Além disso, o MPM destacou que o militar usou sua condição de integrante do Exército para transmitir confiança às vítimas, afirmando que realizava exames periódicos de saúde, fato considerado grave pela Corte.
Durante o julgamento, prevaleceu o entendimento de que os atos praticados são incompatíveis com a permanência no oficialato.
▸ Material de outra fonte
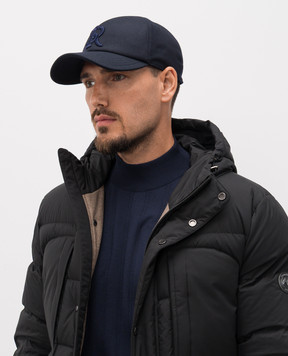 Stefano Ricci Blue wool cap with embroidered monogram logo MCV530006FW610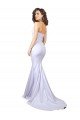 Outlet Simple Long Strapless Sweetheart Mermaid Crepe Beach Wedding Dress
Assim, o Tribunal acolheu a representação e determinou a perda do posto e da patente, conforme a Constituição Federal e o Estatuto dos Militares.
A decisão prevê ainda que, após o trânsito em julgado, o Tribunal Superior Eleitoral (TSE) seja comunicado, conforme a legislação vigente.
Dois ministros divergiram, alegando que, apesar da admissibilidade da representação, a perda do posto não deveria ser aplicada devido à invalidez e às sequelas neurológicas graves que acometem o oficial reformado.
Na defesa, os advogados argumentaram que a medida seria desproporcional, já que o militar foi condenado criminalmente pelos fatos e que os crimes ocorreram na esfera privada, sem relação com suas funções militares. Também ressaltaram que o oficial é portador do vírus HIV, foi reformado por invalidez e necessita de cuidados especializados devido às sequelas neurológicas permanentes.
O processo teve relatoria do ministro José Barroso Filho. Representação p/ Declaração de Indignidade/Incompatibilidade Nº 7000626-33.2025.7.00.0000/DF.